Welcome!

Blog Feed Post

Elasticsearch security: Authentication, Encryption, Backup

The recent ransom attack on public Elasticsearch instances showed that Elasticsearch security is still a hot topic. Elasticsearch was not the only target – tens of thousands of poorly configured MongoDB databases have been compromised over the past week, too, compromising over 27,000 servers where hackers stole and then deleted data from unpatched or “poorly-configured” systems. The scenario is always the same: insecure instances are “hacked” and data replaced with a note informing the owner to send payment to a Bitcoin address and then email the attacker to retrieve the data. Over the last few days we saw more than 4000 Elasticsearch instances compromised and the number of instances is still growing, as seen here. The attacks are rather simple. The attacker simply scans for services on port 9200. Once such a service is found the hacked fetches the data from it, then deletes it and puts the payment information as document in the stolen Elasticsearch index. Due to the fact that many Elasticsearch instances are not protected these instances are very easy targets.

In this post, we are going to show you what you should or shouldn’t do with Elasticsearch, but actually how to secure Elasticsearch by sharing a few simple and free prevention methods to do that.

Let’s start with the general attack ⇒ counter-measures:

  • Port scanning ⇒ minimize exposure:
    • Don’t use the default port 9200
    • Don’t expose Elasticsearch to the public Internet (put Elasticsearch behind a firewall)
    • Don’t forget Kibana port
  • Data theft ⇒ secure access:
    • Lock down the HTTP API with authentication
    • Encrypt communication with SSL/TLS
  • Data deletion ⇒ set up backup:
    • Backup your data
  • Log file manipulation ⇒ log auditing and alerting
    • Hackers might manipulate or delete system log files to cover their tracks. Sending logs to a remote destination increases the chances of discovering intrusion early.

Let’s drill into each of the above items with step-by-step actions to secure Elasticsearch:

Lock Down Open Ports

Firewall: Close the public ports

The first action should be to close the relevant ports to the Internet:

iptables -A INPUT -i eth0 -p tcp --destination-port 9200 -s {PUBLIC-IP-ADDRESS-HERE} -j DROP

iptables -A INPUT -i eth0 -p tcp --destination-port 9300 -s {PUBLIC-IP-ADDRESS-HERE} -j DROP

If you run Kibana note that the Kibana server acts as a proxy to Elasticsearch and thus needs its port closed as well:

iptables -A INPUT -i eth0 -p tcp --destination-port 5601 -s {PUBLIC-IP-ADDRESS-HERE} -j DROP

After this you can relax a bit! Elasticsearch won’t not reachable from the Internet anymore.

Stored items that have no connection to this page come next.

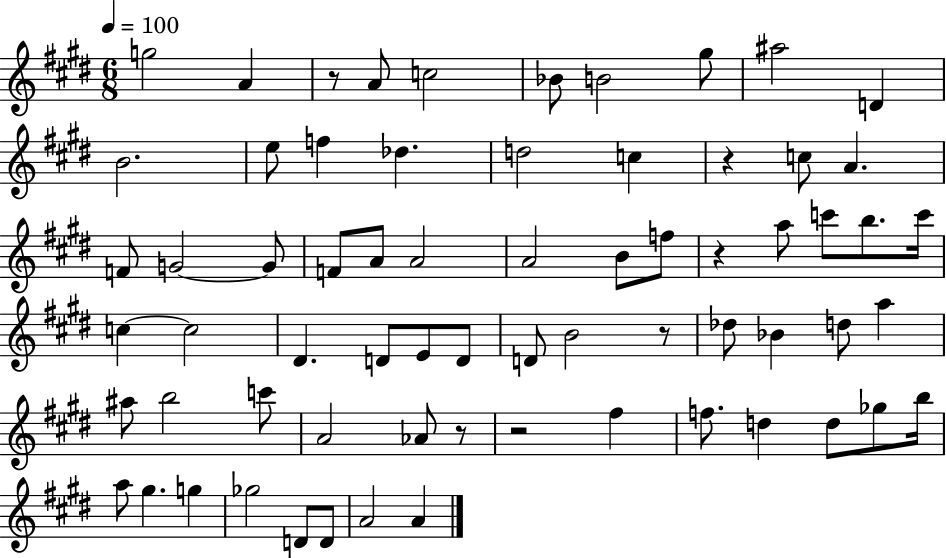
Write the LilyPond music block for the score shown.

{
  \clef treble
  \numericTimeSignature
  \time 6/8
  \key e \major
  \tempo 4 = 100
  \repeat volta 2 { g''2 a'4 | r8 a'8 c''2 | bes'8 b'2 gis''8 | ais''2 d'4 | \break b'2. | e''8 f''4 des''4. | d''2 c''4 | r4 c''8 a'4. | \break f'8 g'2~~ g'8 | f'8 a'8 a'2 | a'2 b'8 f''8 | r4 a''8 c'''8 b''8. c'''16 | \break c''4~~ c''2 | dis'4. d'8 e'8 d'8 | d'8 b'2 r8 | des''8 bes'4 d''8 a''4 | \break ais''8 b''2 c'''8 | a'2 aes'8 r8 | r2 fis''4 | f''8. d''4 d''8 ges''8 b''16 | \break a''8 gis''4. g''4 | ges''2 d'8 d'8 | a'2 a'4 | } \bar "|."
}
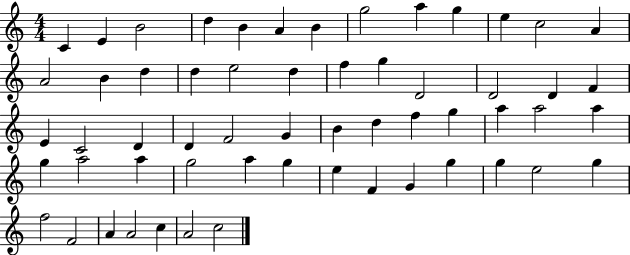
X:1
T:Untitled
M:4/4
L:1/4
K:C
C E B2 d B A B g2 a g e c2 A A2 B d d e2 d f g D2 D2 D F E C2 D D F2 G B d f g a a2 a g a2 a g2 a g e F G g g e2 g f2 F2 A A2 c A2 c2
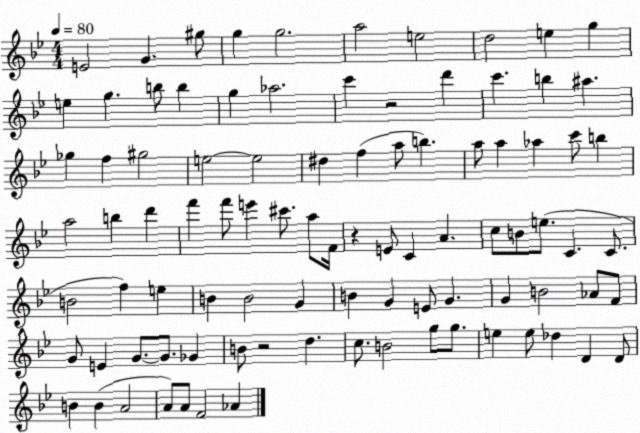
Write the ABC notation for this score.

X:1
T:Untitled
M:4/4
L:1/4
K:Bb
E2 G ^g/2 g g2 a2 e2 d2 e g e g b/2 b g _a2 c' z2 d' c' b ^a _g f ^g2 e2 e2 ^d f a/2 b a/2 a _a c'/2 b a2 b d' f' f'/2 e' ^c'/2 a/2 F/4 z E/2 C A c/2 B/2 e/2 C C/2 B2 f e B B2 G B G E/2 G G B2 _A/2 F/2 G/2 E G/2 G/2 _G B/2 z2 d c/2 B2 g/2 g/2 e e/2 _d D D/2 B B A2 A/2 A/2 F2 _A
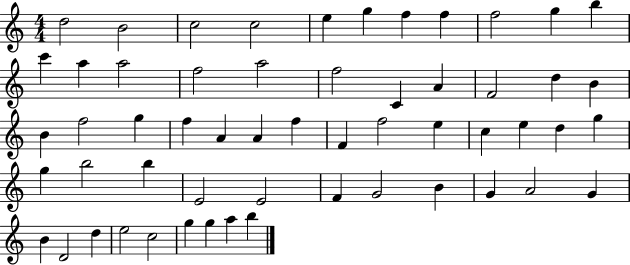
X:1
T:Untitled
M:4/4
L:1/4
K:C
d2 B2 c2 c2 e g f f f2 g b c' a a2 f2 a2 f2 C A F2 d B B f2 g f A A f F f2 e c e d g g b2 b E2 E2 F G2 B G A2 G B D2 d e2 c2 g g a b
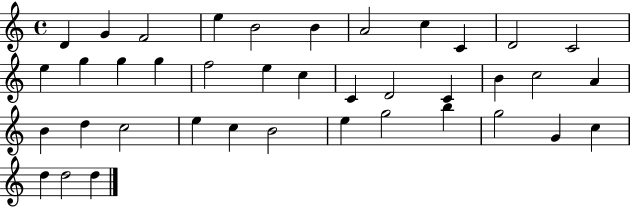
{
  \clef treble
  \time 4/4
  \defaultTimeSignature
  \key c \major
  d'4 g'4 f'2 | e''4 b'2 b'4 | a'2 c''4 c'4 | d'2 c'2 | \break e''4 g''4 g''4 g''4 | f''2 e''4 c''4 | c'4 d'2 c'4 | b'4 c''2 a'4 | \break b'4 d''4 c''2 | e''4 c''4 b'2 | e''4 g''2 b''4 | g''2 g'4 c''4 | \break d''4 d''2 d''4 | \bar "|."
}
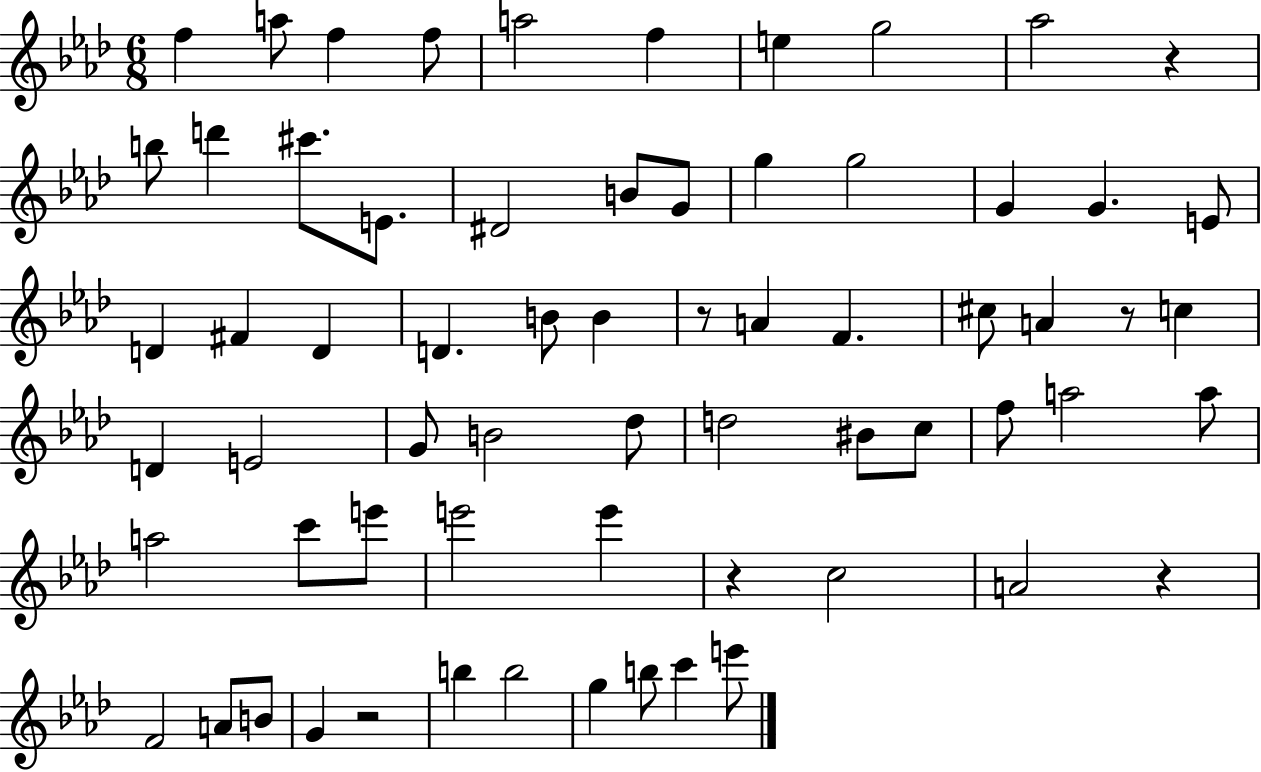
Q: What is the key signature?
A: AES major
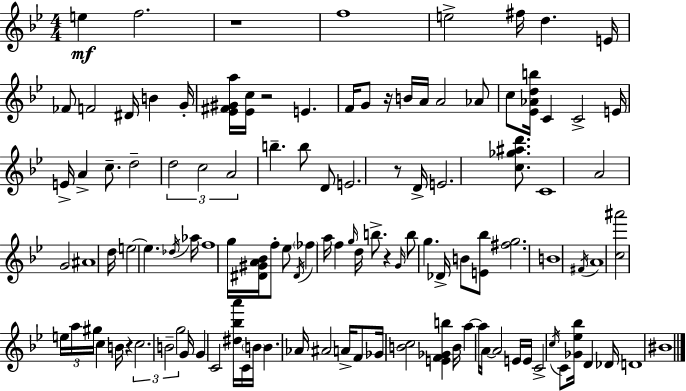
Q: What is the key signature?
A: G minor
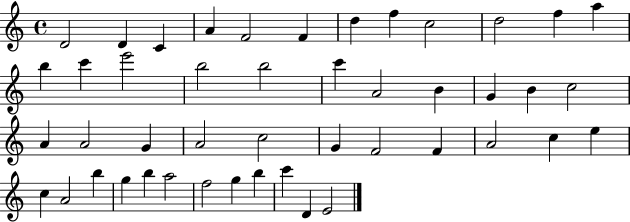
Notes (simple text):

D4/h D4/q C4/q A4/q F4/h F4/q D5/q F5/q C5/h D5/h F5/q A5/q B5/q C6/q E6/h B5/h B5/h C6/q A4/h B4/q G4/q B4/q C5/h A4/q A4/h G4/q A4/h C5/h G4/q F4/h F4/q A4/h C5/q E5/q C5/q A4/h B5/q G5/q B5/q A5/h F5/h G5/q B5/q C6/q D4/q E4/h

Bind Elasticsearch ports only to private IP addresses

Change the configuration in elasticsearch.yml to bind only to private IP addresses or for single node instances to the loopback interface:

network.bind_host: 127.0.0.1

Add private networking between Elasticsearch and client services

If you need access from another machine to Elasticsearch connect them via VPN or any other private network. A quick way to establish a secure tunnel between two machines is via SSH tunnels:

ssh -Nf -L 9200:localhost:9200 user@remote-elasticsearch-server

You can then access Elasticsearch via the SSH tunnel with from client machines e.g.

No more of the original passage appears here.